1. Poke holes all over the pork with a fork. Rub achiote paste all over the pork, and set aside.
2. In a large bowl, mix together the orange juice and habanero peppers.
3. Mix in the cumin, paprika, chili powder, coriander, salt and pepper.
4. Place pork in the mixture, cover, and refrigerate overnight, turning two or three times.
5. Preheat the oven to 325 degrees F (165 degrees C).
6. Wrap the pork and marinade in aluminum foil or banana leaves that have been soaked in water for 30 minutes.
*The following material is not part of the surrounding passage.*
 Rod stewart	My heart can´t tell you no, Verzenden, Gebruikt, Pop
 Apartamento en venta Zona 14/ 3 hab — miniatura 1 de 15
7. Place into a casserole dish, and cover.
8. Bake for at least 2 hours, until the meat falls off the bone. The slower you cook it, the better it is. Cooking time varies greatly, from 2 hours to 4 hours depending on oven, seal of banana leaves, meat etc. (some also put this in a slow cooker to cook all day)
9. Shred the pork, pour remaining cooked juice from pan over pork, and serve with white rice and corn tortillas.
10. Each person can make tacos or fajitas with the pork, the rice and the sauce.
Note: If you can't find Sevilla OJ, use 1/3 cup normal OJ, and 2/3 cup fresh squeezed lemon juice.